Why low-code and identity must co-exist
Software development has emerged as a critical task for organizations looking to compete in the digital economy. It increasingly fuels innovation and even disruption. Yet, building, testing, and verifying major chunks of code usually takes months – and finding the talent to handle the task can be formidable.
Due to the skills gap and to scale delivery, many companies turn to low-code application development platforms to build and deliver applications faster.
Typically, these low-code tools deliver a graphical user interface (GUI) that helps non-technical people — citizen developers, if you will — become involved in the software development process. Rather than a developer typing code line-by-line, these tools assemble building blocks of code that implement the business logic of applications.
Yet, what’s often overlooked in the enthusiasm to adopt low-code tools is that these types of development platforms affect many areas of the enterprise, including identity management and cybersecurity. For example, a low-code application must interoperate with various on-premises systems, as well as cloud identity platforms such as Active Directory, Azure AD, Okta, and others.
The fallout from poor integration with identity systems can be significant, and extremely painful. Especially as business requirements change and an organization needs to start adding new capabilities like passwordless authentication, multi-factor authentication (MFA), identity proofing, user behavior analytics, or complex role- or attribute-based authorization. Without a strong identity management framework in place, managing myriad authorizations and authentications manually can prove difficult and can undermine security, including zero-trust initiatives.

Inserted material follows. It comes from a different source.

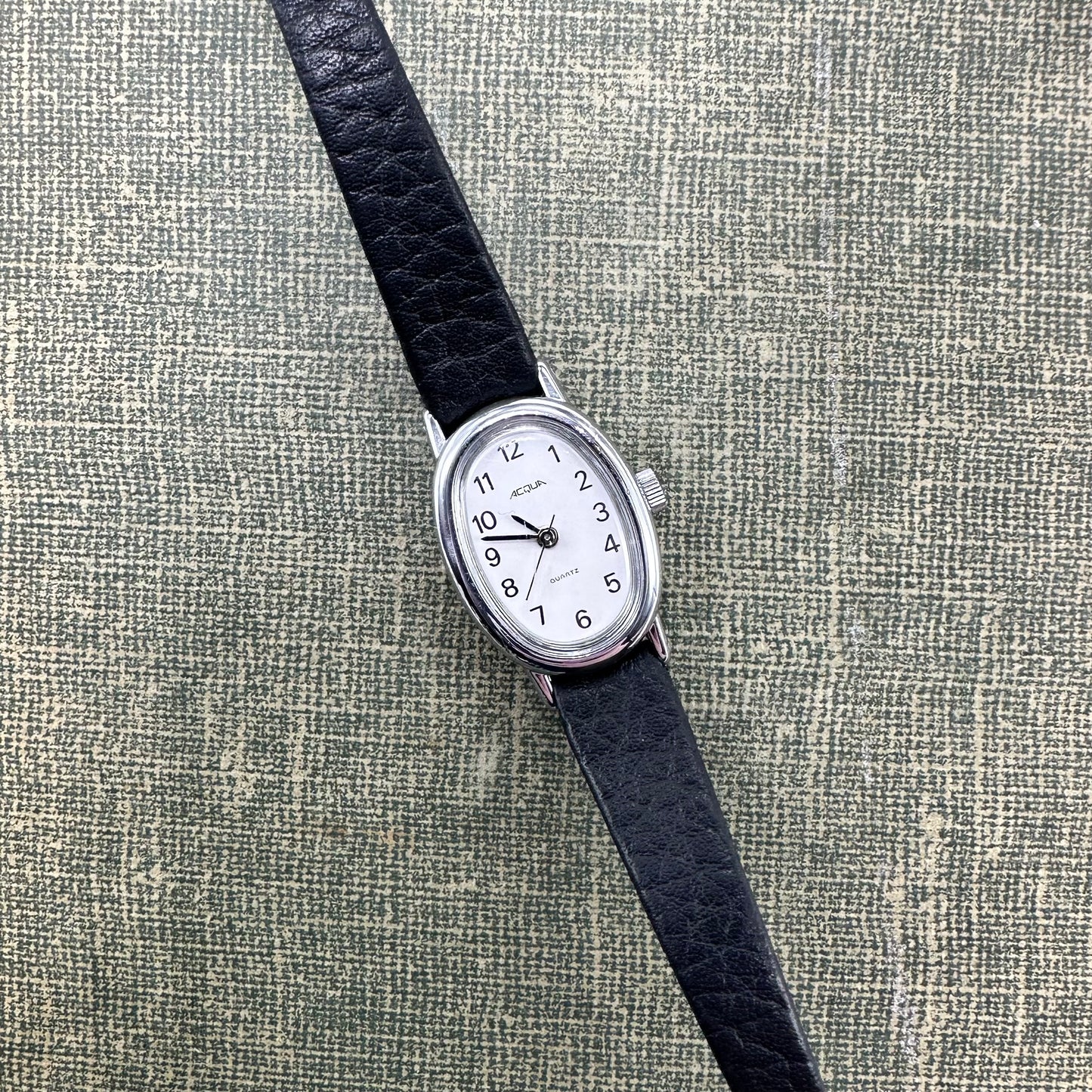 Vintage silver tone Acqua watch with slender black band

The complexity of today’s IT environments isn’t lost on anyone. Low-code, while simplifying and speeding software development, introduces challenges. Organizations may find that they are mired in a framework that lacks the flexibility they need to deliver a seamless but highly secure user experience, particularly for complicated role-based access connected to single sign-on (SSO). Updates, changes, and other events can wreak havoc and force teams to push constant application updates to cope with the ever-evolving threat landscape.
For example, the legacy approach of using software development kits (SDKs) to perform identity integrations like adding support for MFA, creates additional layers of complexity. This is the case whether low-code tools are used or not. That’s because the SDK approach establishes a deeply coupled relationship between the applications and the identity system they use. Often each new identity capability that needs to be added requires yet another SDK for integration, which increases interdependencies and the likelihood of failure.

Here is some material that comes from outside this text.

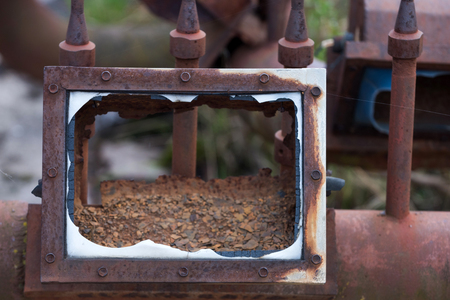 Broken rusted frame and pipe lines scrap, with metallic, rusty surface texture, outdoors on blurred background. Neglect, decay and ruinの写真素材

In practical terms, an organization might require different SDKs with different authentication and authorization capabilities, depending on the application and framework it is building or using. However, today’s applications require a more flexible and contextual framework that spans systems and, in some cases, delivers deeper insight into what a user is doing at any given moment.
In fact, migrating away from an SDK-centric approach isn’t just a good idea, it’s vital. What’s more, attempting to circumvent the problem using APIs isn’t particularly helpful because an organization typically winds up with the same basic problem: there’s a high level of complexity tied to a rigid identity framework. Making matters worse, this approach can also introduce security gaps and other weaknesses.

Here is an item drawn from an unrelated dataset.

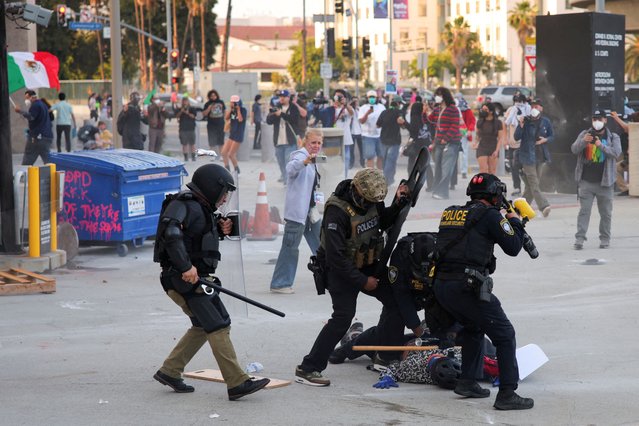 Police detains a protester blocking the garage entrance of the Los Angeles Federal Building following multiple detentions by Immigration and Customs Enforcement (ICE), in downtown Los Angeles, California, U.S., June 6, 2025. (Photo by Daniel Cole/Reuters)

A more manageable approach when using low-code development frameworks to build applications is to connect them to a single abstraction layer for identity services. This addresses three primary challenges associated with identity management in low code environments: moving away from a platform-specific approach, breaking free of low-code tools that tie the application to a specific identity provider, and establishing an identity framework that matches the specific needs of your business.
Abstraction is key
An abstraction layer reduces the load on citizen developers, who lack the technical skills and awareness of security requirements that prevent them from making updates and upgrades or adding new capabilities to keep up with evolving requirements—frequently within a DevOps or DevSecOps environment that is optimized for continuous integration and delivery.
Abstraction also eliminates the need for specific applications to be hardcoded to a specific identity system or API.
In this world, embedded logic is built into the identity framework through a form of distributed intelligence. What’s more, the process takes place without pushing out code and requiring processing on apps. There’s also no need for app owners or identity management providers to play a role in the process.
Abstraction offers another advantage: it handles various standards associated with identity management, including SAML. Most organizations rely on several standards for processes and tasks associated with authorizations and authentications. When using low code tools, overseeing standards and orchestrating them can become cumbersome and unmanageable as well.
As enterprises increasingly turn to low code frameworks to improve performance and lower costs, it’s vital to keep software development and identity in lockstep. Abstraction can help bridge the gap.